During cross-examination, trial counsel reiterated that he was appointed to represent the petitioner in December 2015 and conceded that he filed his first motion for discovery in February 2017. He explained, however, that he filed that motion "mainly to protect the record" because he had received all of the discovery materials from the petitioner's first attorney in December 2015. Trial counsel acknowledged that he requested funds to hire a private investigative firm in January 2017, four months before the scheduled trial date, but said that he had conducted his own investigation before that and that he had received investigative materials from the petitioner's first attorney.
Trial counsel maintained that when he spoke with the victim on April 24, 2017, the victim "owned up to using drugs" and "even owned up to being in a drug transaction on that street." Trial counsel said that his "impression was [the victim] was kind of taking the wind out of my cross, that . . . instead of fighting me on it, he was kind of leaning into it." Trial counsel said that he did not ask the petitioner to be present during his interview of the victim because to do so "would be a horrible strategic move on my part." Trial counsel said that it was his "strategy to gather as much information . . . as I can prior to trial so that I can prepare and know how to respond to evidence." When asked whether he believed that speaking to the victim outside the presence of the petitioner "eroded" his ability to fairly represent the petitioner, trial counsel replied:
That is the most bizarre idea of pretrial preparation I've ever heard in my experience as an attorney. So if you're asking me that I should not have spoken with a witness prior
to trial, I believe I should have. I believe that's my ethical duty that if I have an opportunity to gather information and evidence prior to trial for my clients potential 41-year exposure criminal case, I needed to do that.Counsel characterized his meeting with the victim as "a significant turning point in this case." Trial counsel agreed that the petitioner had the constitutional right to change his mind about accepting the plea offer but stated that "there may be consequences in terms of bond and release . . . that that defendant will have to take up with the [c]ourt for their time."
I need to get that information and get to my client as quickly as I could and let him evaluate it. Let him decide according to his Constitutional Rights whether he decided to take his case to trial. What I think, who I believed, does not matter.
The petitioner made much of the fact that trial counsel spoke with the victim outside his presence, apparently misapprehending the function of the Confrontation Clause. The constitution only guarantees the right to confrontation at trial and does not constrain trial counsel's pretrial investigation. Indeed, counsel is to be commended for making the effort to interview the victim prior to trial.
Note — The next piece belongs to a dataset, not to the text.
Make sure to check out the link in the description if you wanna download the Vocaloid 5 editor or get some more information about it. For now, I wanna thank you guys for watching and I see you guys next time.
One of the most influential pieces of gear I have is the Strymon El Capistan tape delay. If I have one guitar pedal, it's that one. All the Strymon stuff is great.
Trial counsel conceded that the petitioner contacted him after entering his pleas because he "wanted to withdraw his plea," explaining that "what I gathered from that was him saying he was forced to take this plea." Counsel said that he told the petitioner that he could not file a motion to withdraw under those circumstances "because number one, that is not how I remember this plea. And number two, . . . I was a potential witness to those allegations and any allegations he would make that led toward ineffective assistance of counsel, I couldn't file on his behalf."
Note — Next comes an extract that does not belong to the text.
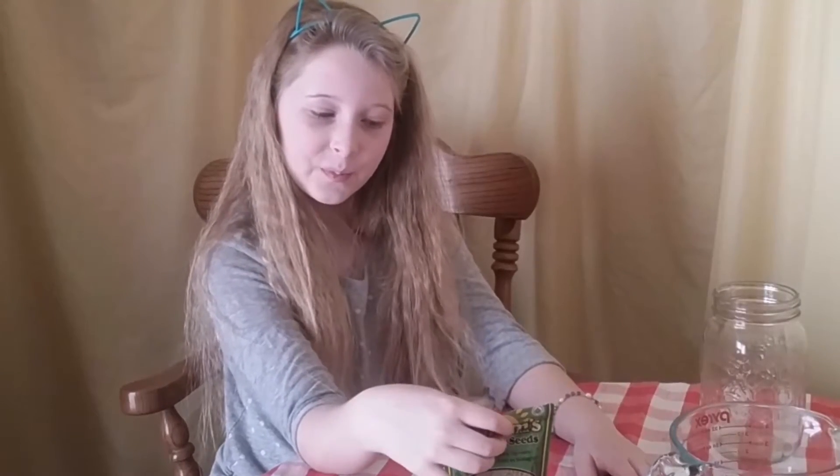Hi guys, welcome back to my channel! Today we're gonna do some science, because we're scientists of course. So this science experiment — I'm gonna answer one of my questions: you know you can grow your own food, but can Emmanuel — which is me — grow their own food with no help? So fine, parents, I don't need any help. I'm kind of scared I don't want to wake up to a jar filled with rotten seeds.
During redirect examination, trial counsel testified that the victim's version of events placed the petitioner at the scene with a gun in his hand and ended with the petitioner's shooting the victim in the face. Trial counsel acknowledged that the victim had a lengthy criminal record and had made inconsistent statements in the past but said that he nevertheless concluded that the victim's account, coupled with the impending testimony of the independent witness "and the fingerprints and everything and the gunshot wounds and the blood and everything else" would likely result in the petitioner's being convicted as charged. Counsel said that it was not necessarily that he personally believed the victim's version of events but that he believed that a jury would be likely to believe the victim's version. Trial counsel agreed that, with only six potential witnesses, the petitioner's case did not involve a lot of proof.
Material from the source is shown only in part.